С месяц тому назад через одну знакомую3 мне удалось передать письмо, рукопись рассказа, написанного здесь – в Петербурге, и оттиски двух вещей (премированного рассказа и одной статьи) Максиму Горькому. Через две недели после этого я получил приглашение от Горького прийти к нему. Однако это свидание, вследствие отъезда Горького в Москву, не состоялось.

И только 25 февраля (представь, это был день моего рождения!) я встретился и познакомился с Алексеем Максимычем. Родная моя!.. То, что я пережил, превзошло все мои ожидания.
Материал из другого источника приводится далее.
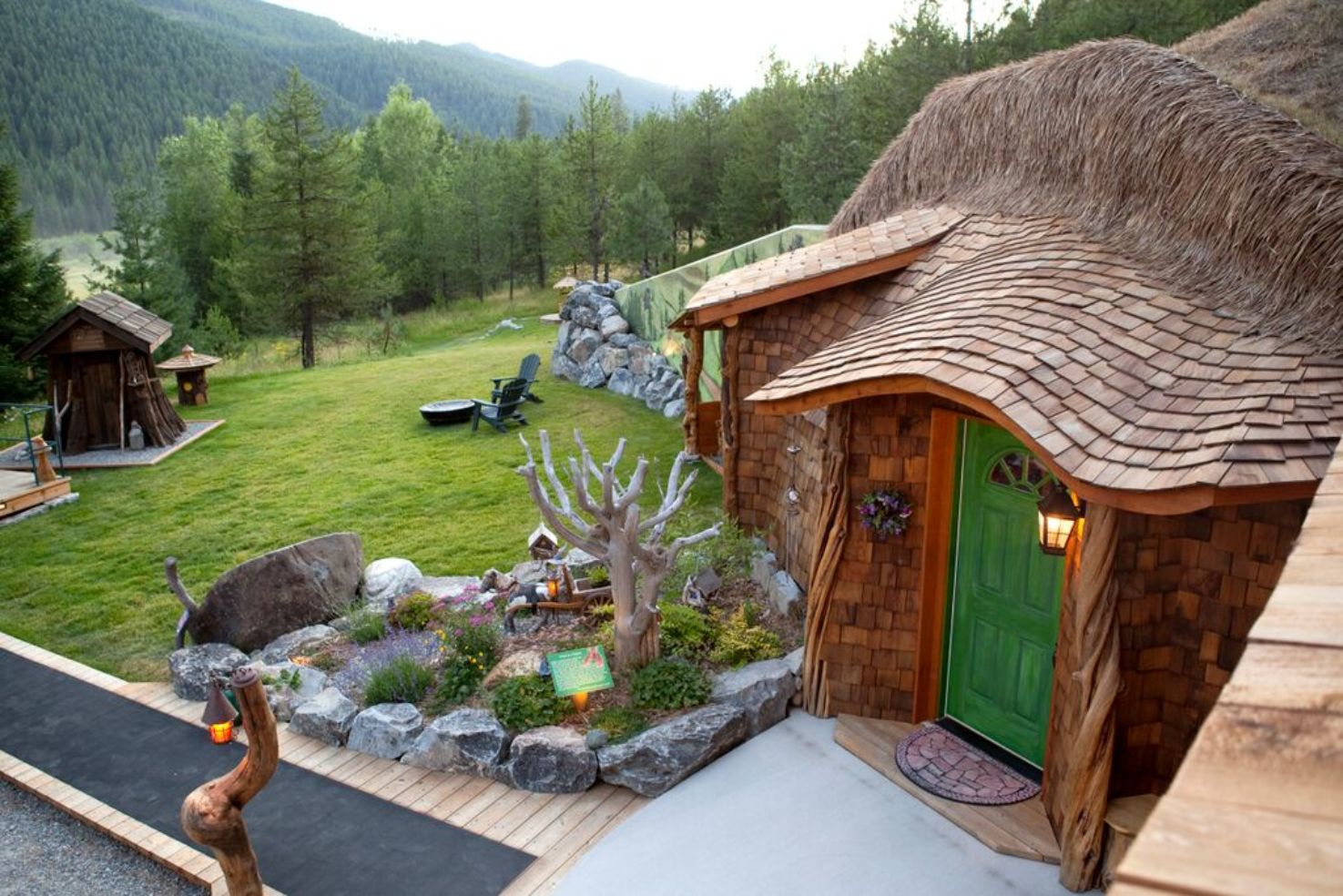 Hobbit House, Trout Creek, Montana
М. Горький принял меня как друга, более того – как писателя. То, что я услышал от него о моих работах, захлестнуло меня неожиданностью. Это была критика, с какой подходит мастер к… мастеру, разбор, который, при всей своей нещадности, говорит почти исключительно за и ничего против… Чтобы не порвать со мною связи, Алексей Максимович дал мне определенное задание (драматический этюд из истории культуры), оставив за мной право свободного выбора темы и разработки ее. И просил бывать у него… запросто, заходить поговорить, побеседовать…» 4

Как видно из текста письма Федина к Солониной (а также из его первого письма к Горькому от 28 января того же года5), приняв решение обратиться к великому пролетарскому писателю с просьбой о встрече, начинающий литератор послал ему наряду с письмом два рассказа и статью. К одному из рассказов – «Прискорбие» – Горький отнесся весьма критически, как, впрочем, год с небольшим спустя и к другому фединскому рассказу – «Молчальник», – и этого было достаточно, чтобы оба рассказа остались неизвестны читателю. Что же касается получившего к тому времени вторую премию на литературном конкурсе газеты «Агит-Роста» рассказа «Дядя Кисель», то он не просто обрадовал Горького; отличавшая основоположника советской литературы убежденность, что в дружеской поддержке, особенно на первых порах, нуждаются даже самые талантливые литераторы, заставила Горького немедленно, при первом же очном знакомстве обратиться к собеседнику с предложением:

«У нас в издательстве «Всемирная литература» образована секция исторических картин…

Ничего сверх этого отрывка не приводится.